Some of the asylum seekers came to Taiwan shortly after the protest movement started, others applied after the introduction of Hong Kong’s National Security Law.

Yet more found themselves unable to leave Hong Kong at all after its government implemented strict border controls to stem the spread of the COVID-19 pandemic.

“Some of those who made it to Taiwan safely feel guilty that they were able to leave while others are still trapped in Hong Kong. Taiwanese are unable to understand those feelings,” the report said.

It says there is frustration among Hong Kong refugees in Taiwan stemming from feeling powerless to face up to the Chinese Communist Party, which destroyed the freedoms that Hong Kong enjoyed in the past.

“Most Hong Kongers of all age groups experience difficulties finding suitable employment and adapting to life.
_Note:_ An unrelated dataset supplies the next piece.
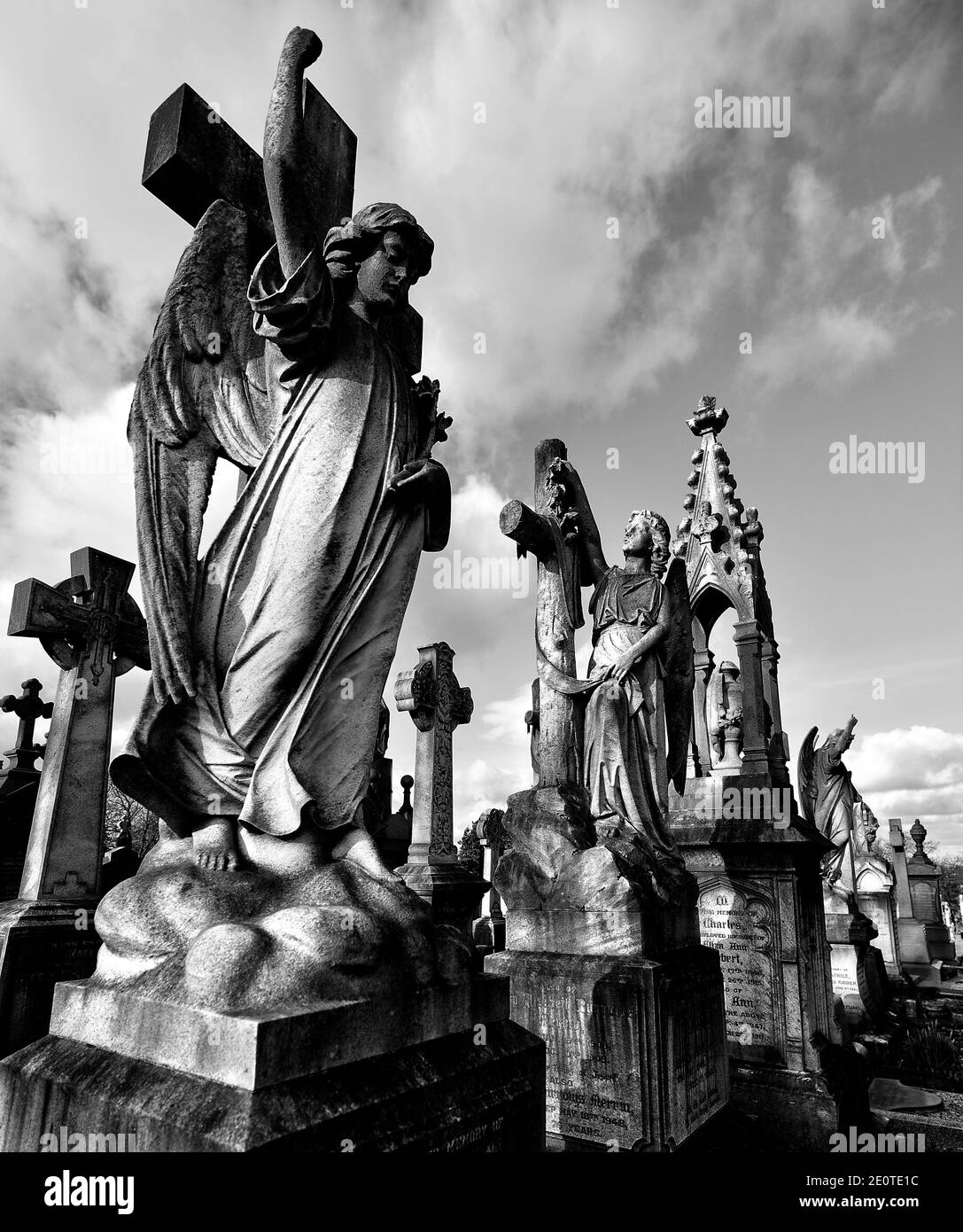 Statues d'ange dans un cimetière Banque D'Images Statues d'ange dans un cimetière Banque D'Images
Some have opted to return to Hong Kong, only to be arrested when they arrive.”

Academia Sinica researcher Peng Jen-yu said there are concerns that Hong Kong refugees who experience trauma due to political violence could turn to drugs or alcohol, or become suspicious of others.

“Some people who participated in the protests have witnessed partners or friends being injured by the police while they are powerless to help,” Ms Peng said.

“They also might have family members who don’t support their participation in the protests,” she said

Some Hong Kong refugees reported being ostracised by their families, comparing the situation to protesters involved in Taiwan’s Sunflower movement who were scolded by parents and relatives for their involvement.

In some cases, Hong Kong refugees who were at the protests knew that police had made a record of their participation, so they decided to flee to Taiwan while they could, Ms Peng said.

“Some were lucky enough to have family support, and their families sometimes send them money, but others are not so lucky and must rely on nongovernmental organizations for assistance,” she said.

The number of Hong Kong refugees who came to Taiwan and who see a future for themselves in the country is relatively low, with most seeing Taiwan as a temporary home, Ms Peng said.